The topic of the Master’s thesis project and the case study will be selected by students in consultation with supervisors and the examiner at SLU.

The course comprises training in collaboration, project management and process facilitation between different stakeholders in dynamic surroundings. The course is divided into two parts:

Part 1 "Systems of knowledge and learning" includes:
- Different approaches to knowledge such as scientific knowledge, rural (popular) knowledge based on experience and cultural knowledge.

- Approaches to share and gain knowledge such as transfer of knowledge, experiential learning/learning in action and introspective and third loop learning.

- Scientific knowledge traditions and rationalities such as social science, natural science, interdisciplinarity, multidisciplinarity and transdisciplinarity.

- Rural peoples’ knowledge and rationalities.

- Methods and tools for learning and knowledge generation such as quantitative science methods, qualitative science methods, PLAR (Participatory Learning and Action Research) methods, experiential learning.

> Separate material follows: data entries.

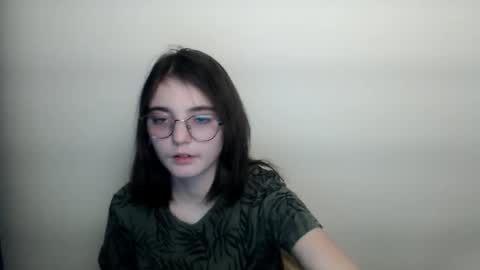 azumi_chan_ online show from February 2026 04:21:02 PM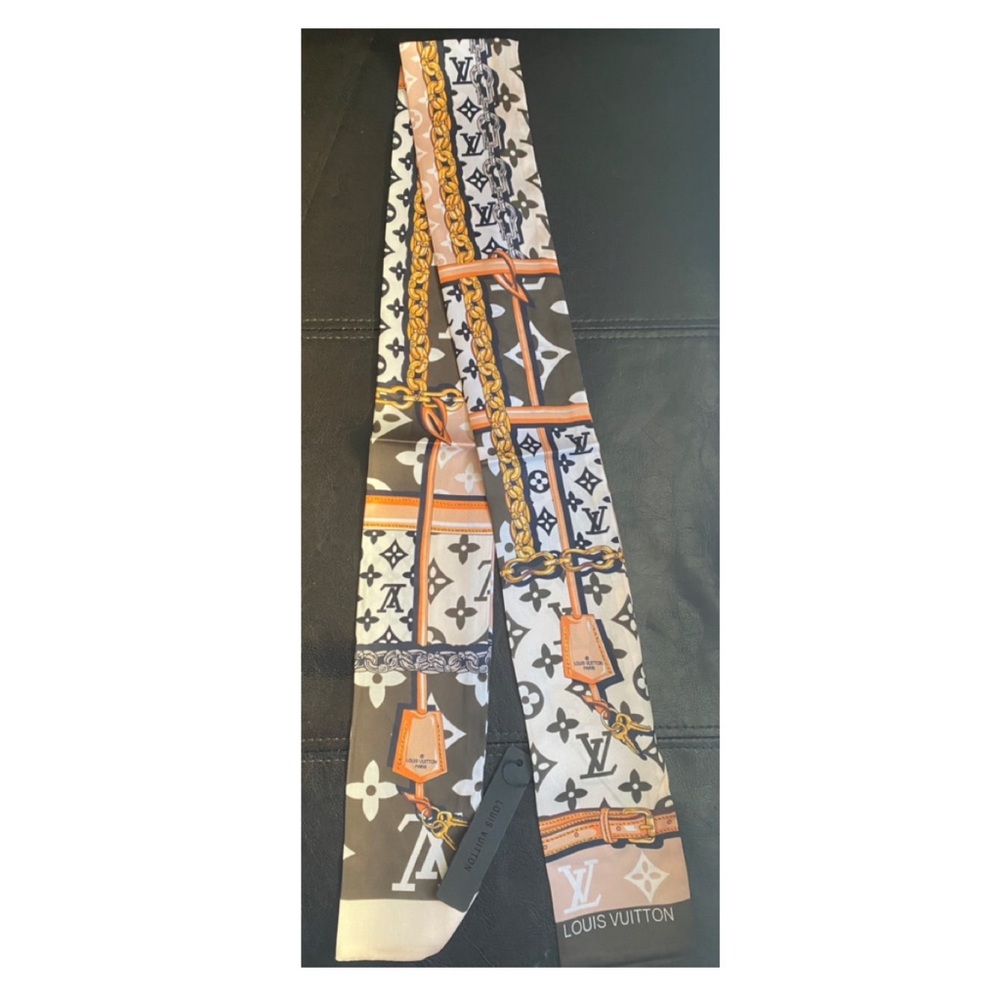 ❌SOLD❌LV 100% Silk Twilly Scarf NWT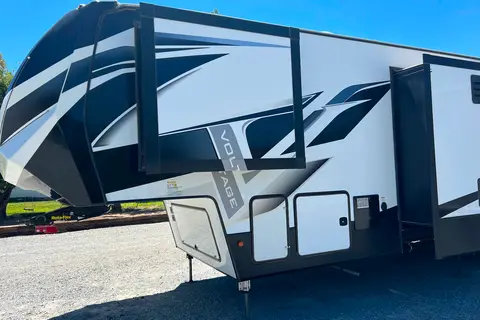 Luxurious 2020 Dutchmen 3635 Toy Hauler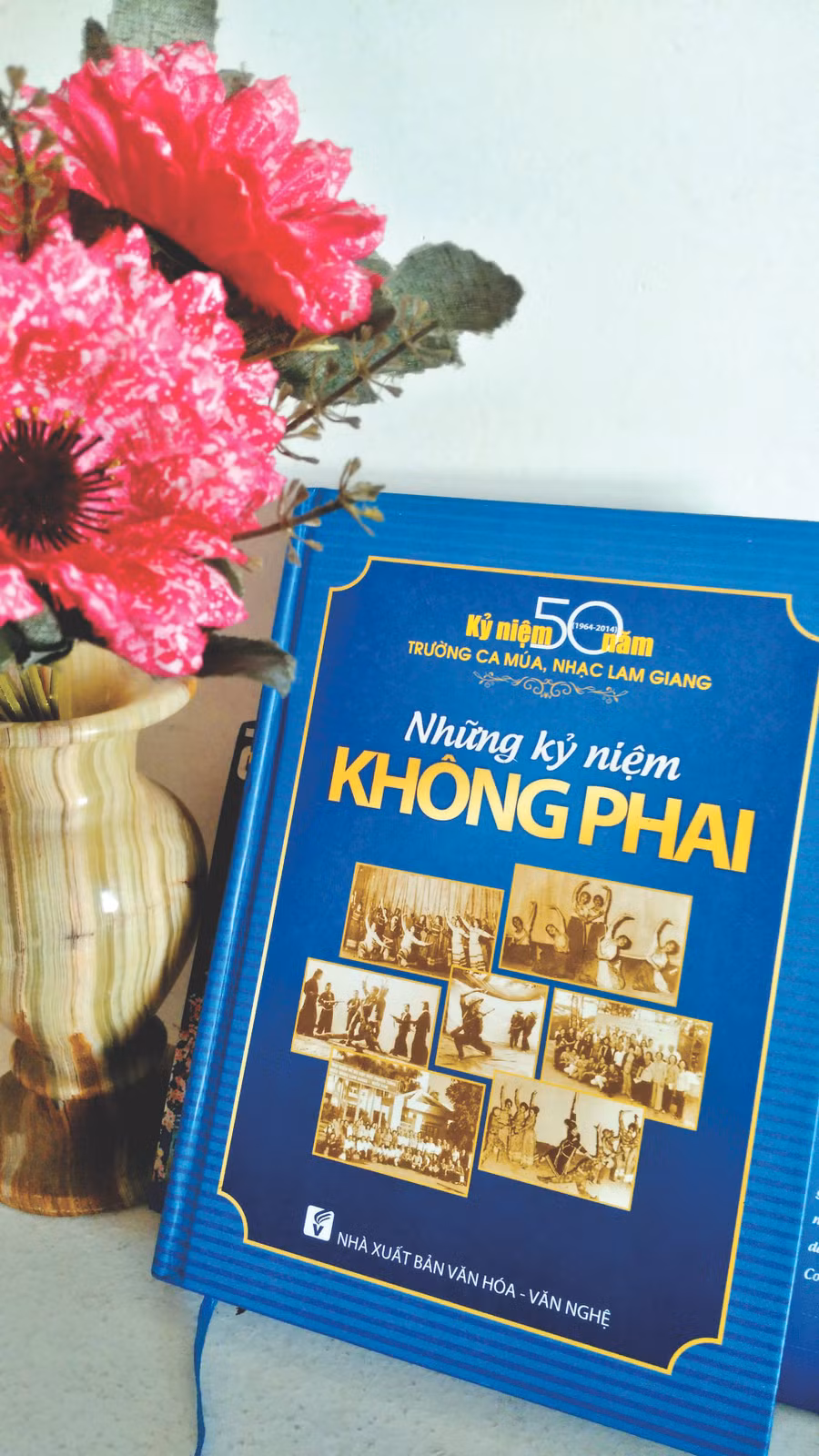 Kỷ yếu ghi lại những năm tháng chiến trường không quên của Trường Ca múa nhạc Lam Giang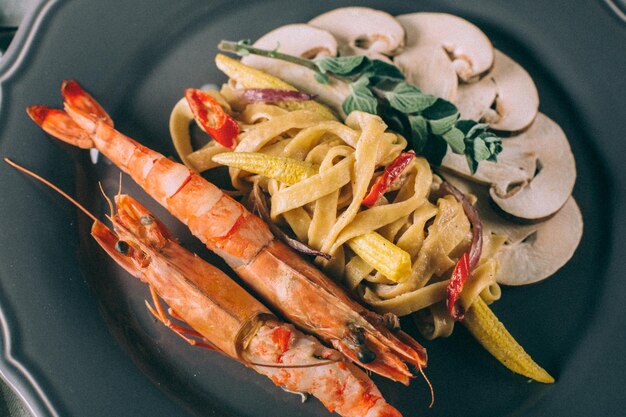 Tagliatelle con spaghetti gamberi e funghi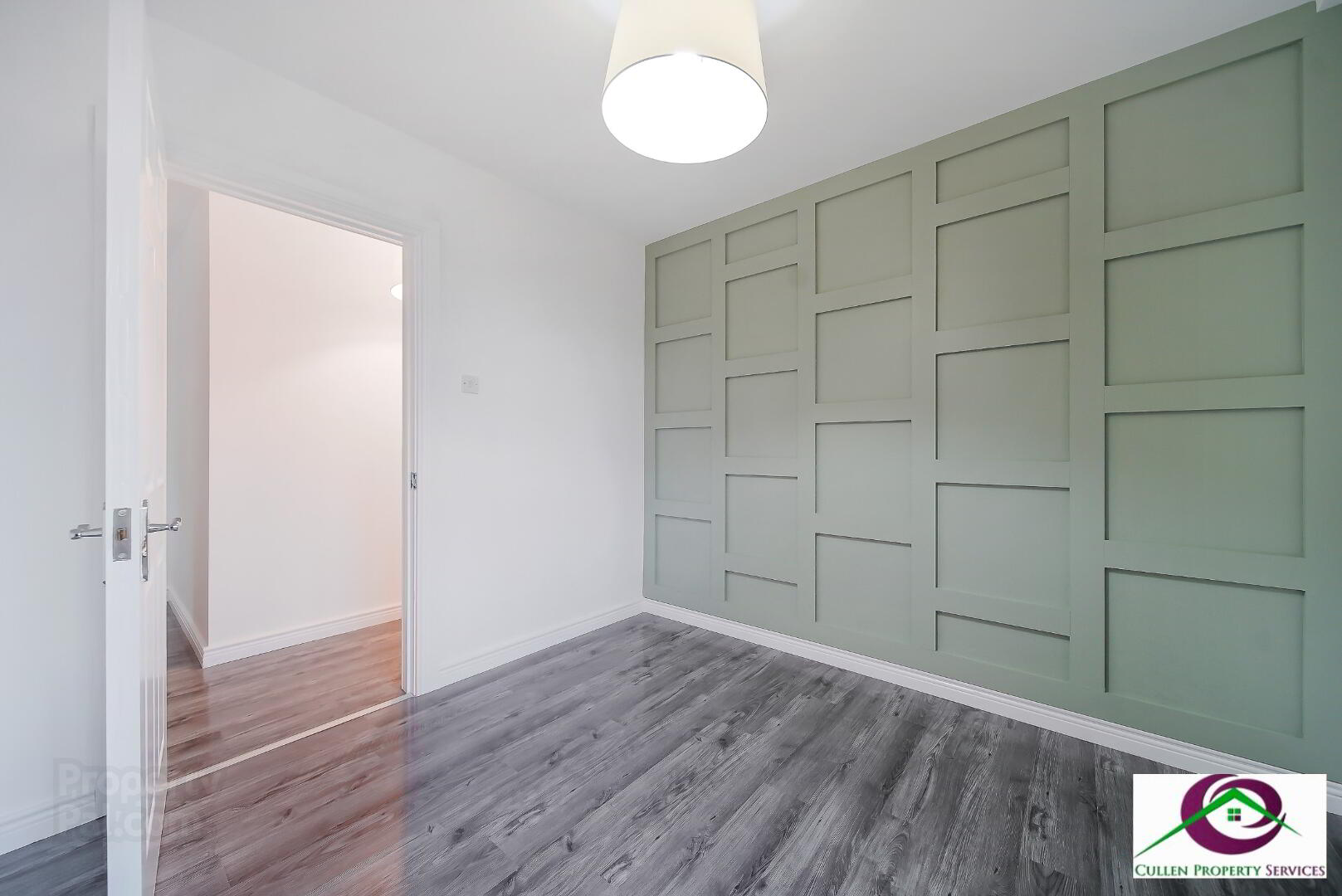 The Four Season Apt, 31 Foyle Road 31 of 33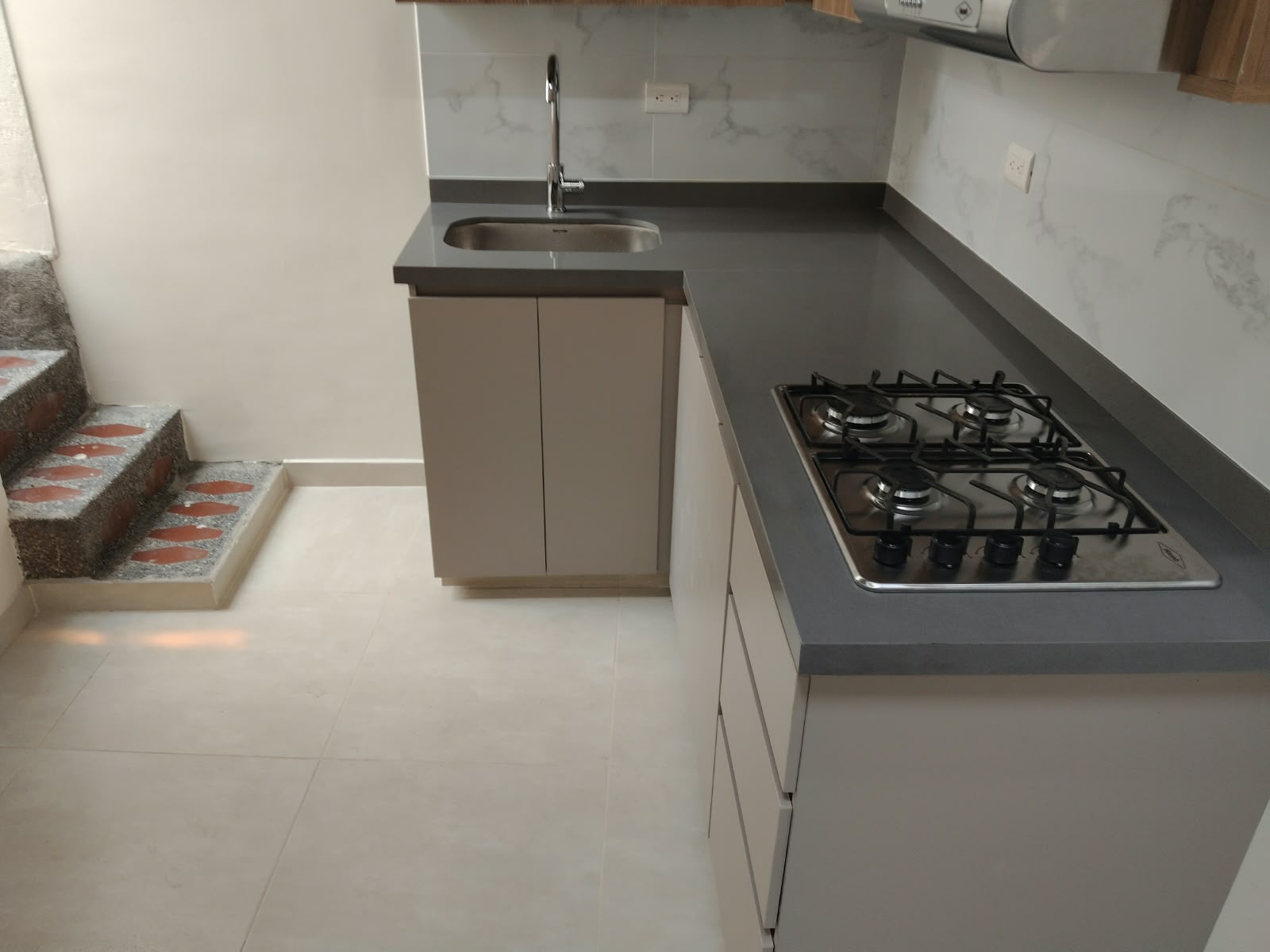 SE ARRIENDA APARTAMENTO BUENOS AIRES COD 10902 - Foto 4
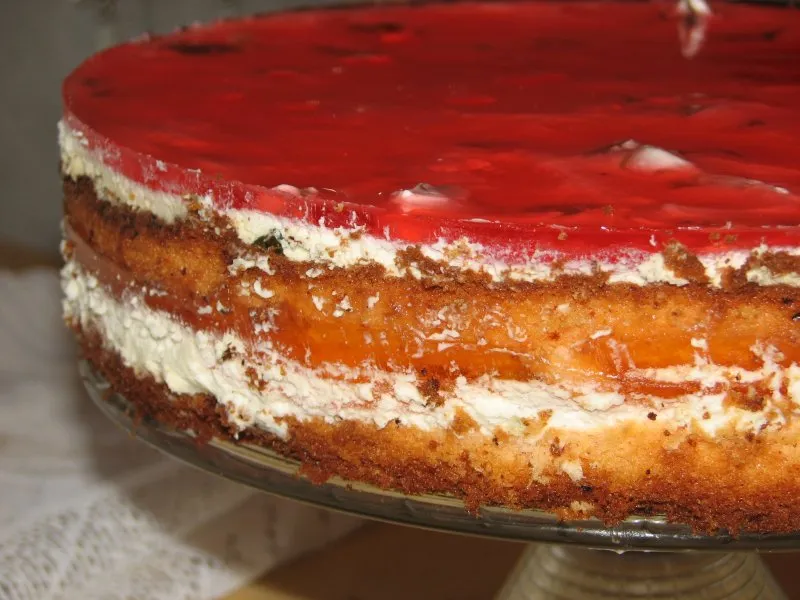 Tort galaretkowy ze śmietaną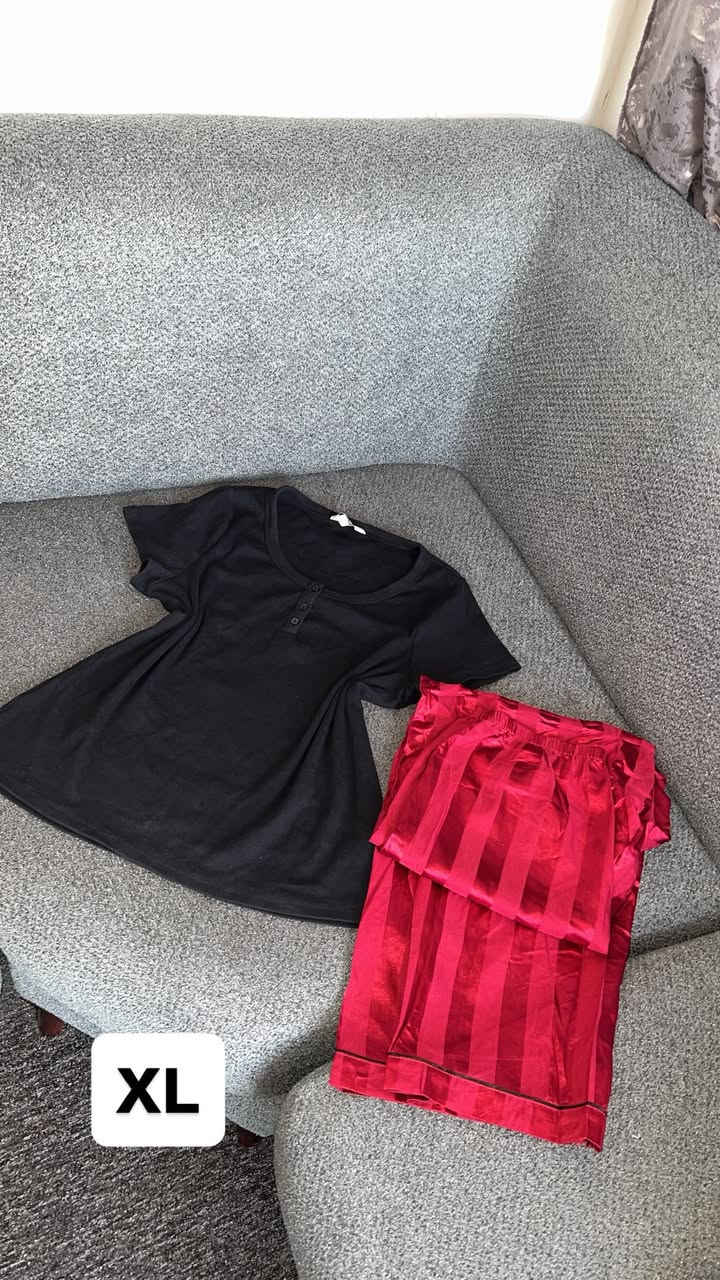 حبايب قطع تجنن كل ٣ ب١٠ جمال ودلال القياس داخل الصور الحجز خاص يوجد توصيل لجميع المحافظات ٥


**إذا كنت صاحب هذا الإعلان وتريد حذفه لأي سبب، رجاءا أرسل رسالة إلى الدعم الفني**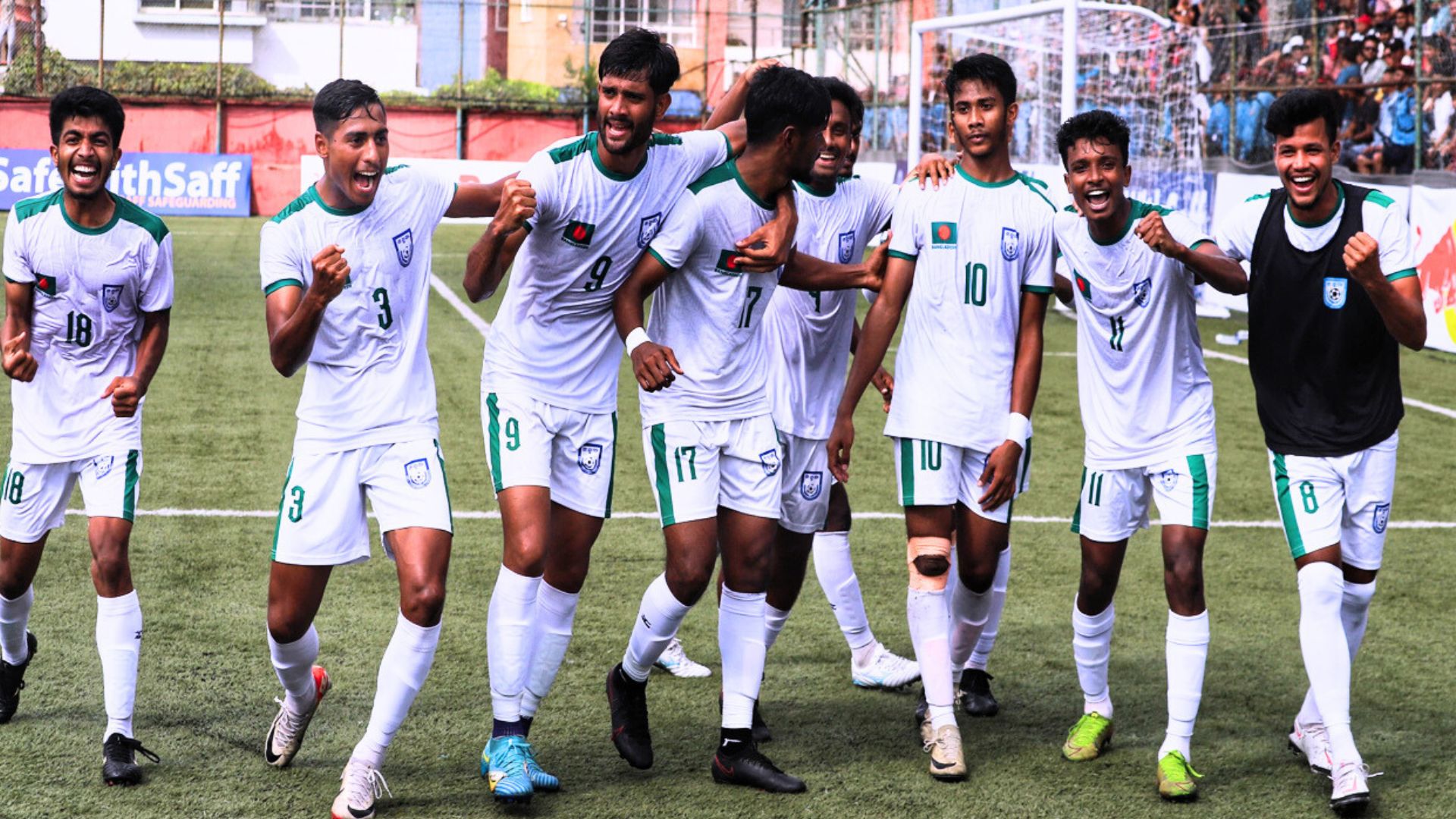 ফুটবল 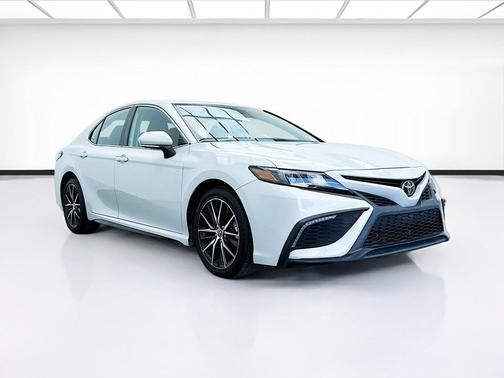 Ice 2022 Toyota Camry SE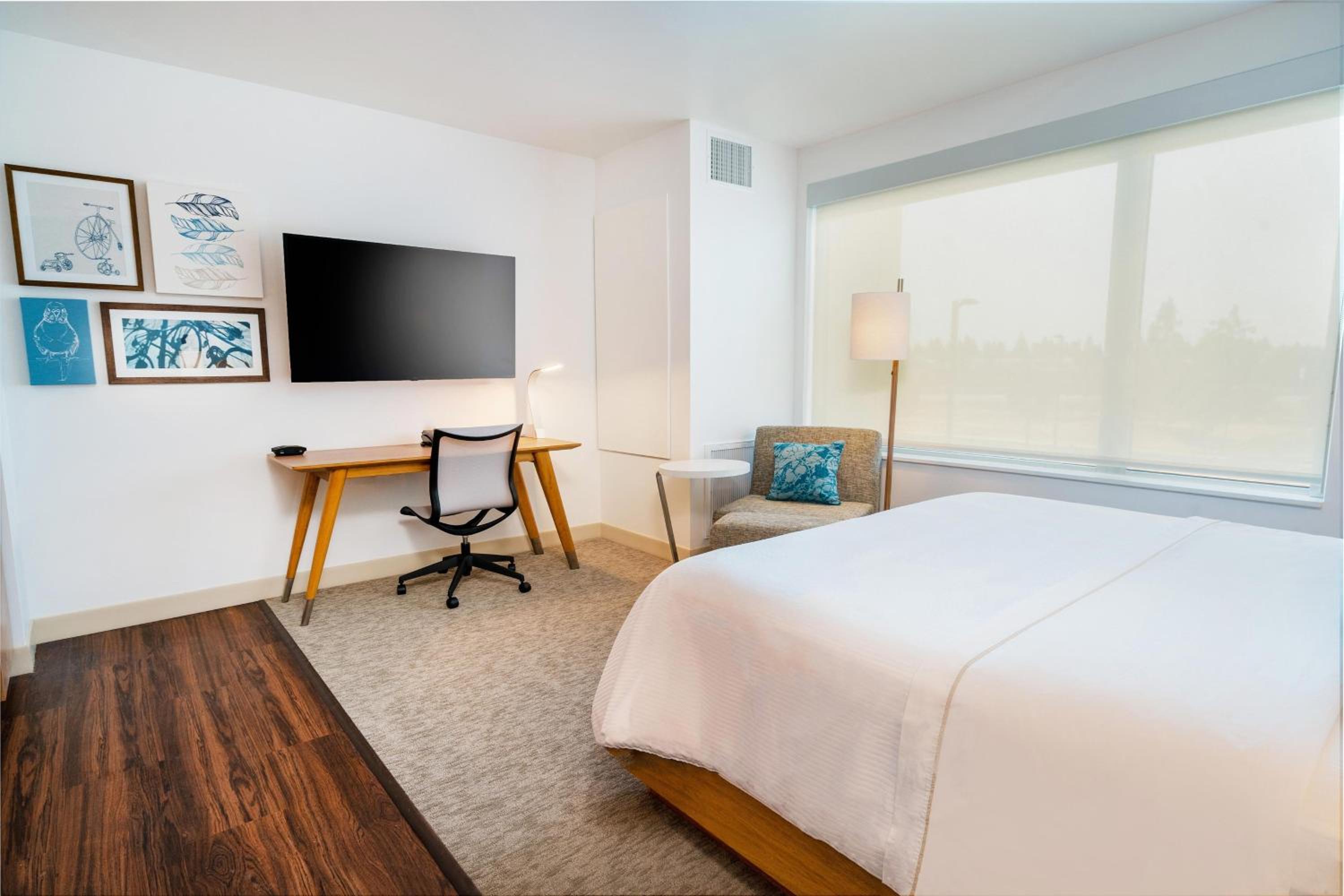 Guest Room, 1 King - Photo 2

Part 2 "Project Management and Process Facilitation" includes:
- Understanding of basic similarities and differences between a project and a process and of how to carry out management and facilitation.

- Theory on project management and process facilitation, including planning and decision-making, collaboration and group dynamics, conflicts and conflict management, documentation, monitoring, evaluation and reporting.

- Farmers’ perspectives on projects.

- Organisational project and process views, including the roles of a project leader and a facilitator.